---- Provided information

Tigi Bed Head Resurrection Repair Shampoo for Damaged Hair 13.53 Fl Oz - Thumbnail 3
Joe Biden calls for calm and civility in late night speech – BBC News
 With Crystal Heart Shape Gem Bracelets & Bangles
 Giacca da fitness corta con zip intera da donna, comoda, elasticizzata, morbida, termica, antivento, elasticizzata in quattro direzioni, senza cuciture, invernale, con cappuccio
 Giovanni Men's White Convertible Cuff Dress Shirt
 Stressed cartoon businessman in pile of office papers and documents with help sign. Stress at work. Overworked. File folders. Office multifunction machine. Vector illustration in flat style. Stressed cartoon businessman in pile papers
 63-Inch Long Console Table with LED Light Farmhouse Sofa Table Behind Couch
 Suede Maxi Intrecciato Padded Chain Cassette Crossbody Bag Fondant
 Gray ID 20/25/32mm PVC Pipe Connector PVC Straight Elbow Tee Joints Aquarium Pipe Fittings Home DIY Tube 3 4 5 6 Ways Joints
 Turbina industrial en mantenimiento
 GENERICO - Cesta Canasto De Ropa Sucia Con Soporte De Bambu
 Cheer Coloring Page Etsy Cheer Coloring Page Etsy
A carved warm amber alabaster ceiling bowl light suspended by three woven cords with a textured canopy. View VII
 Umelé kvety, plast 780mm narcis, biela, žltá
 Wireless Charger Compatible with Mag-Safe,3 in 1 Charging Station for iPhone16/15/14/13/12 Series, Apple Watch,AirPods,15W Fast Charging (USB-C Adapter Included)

--------

What is needed ▸
Reproduce exactly the stretch of lines that starts at the one containing "Joe Biden calls" and ends with the final line of the data, including both ends and nothing more.

Answer to the exercise ▸
Joe Biden calls for calm and civility in late night speech – BBC News
 With Crystal Heart Shape Gem Bracelets & Bangles
 Giacca da fitness corta con zip intera da donna, comoda, elasticizzata, morbida, termica, antivento, elasticizzata in quattro direzioni, senza cuciture, invernale, con cappuccio
 Giovanni Men's White Convertible Cuff Dress Shirt
 Stressed cartoon businessman in pile of office papers and documents with help sign. Stress at work. Overworked. File folders. Office multifunction machine. Vector illustration in flat style. Stressed cartoon businessman in pile papers
 63-Inch Long Console Table with LED Light Farmhouse Sofa Table Behind Couch
 Suede Maxi Intrecciato Padded Chain Cassette Crossbody Bag Fondant
 Gray ID 20/25/32mm PVC Pipe Connector PVC Straight Elbow Tee Joints Aquarium Pipe Fittings Home DIY Tube 3 4 5 6 Ways Joints
 Turbina industrial en mantenimiento
 GENERICO - Cesta Canasto De Ropa Sucia Con Soporte De Bambu
 Cheer Coloring Page Etsy Cheer Coloring Page Etsy
A carved warm amber alabaster ceiling bowl light suspended by three woven cords with a textured canopy. View VII
 Umelé kvety, plast 780mm narcis, biela, žltá
 Wireless Charger Compatible with Mag-Safe,3 in 1 Charging Station for iPhone16/15/14/13/12 Series, Apple Watch,AirPods,15W Fast Charging (USB-C Adapter Included)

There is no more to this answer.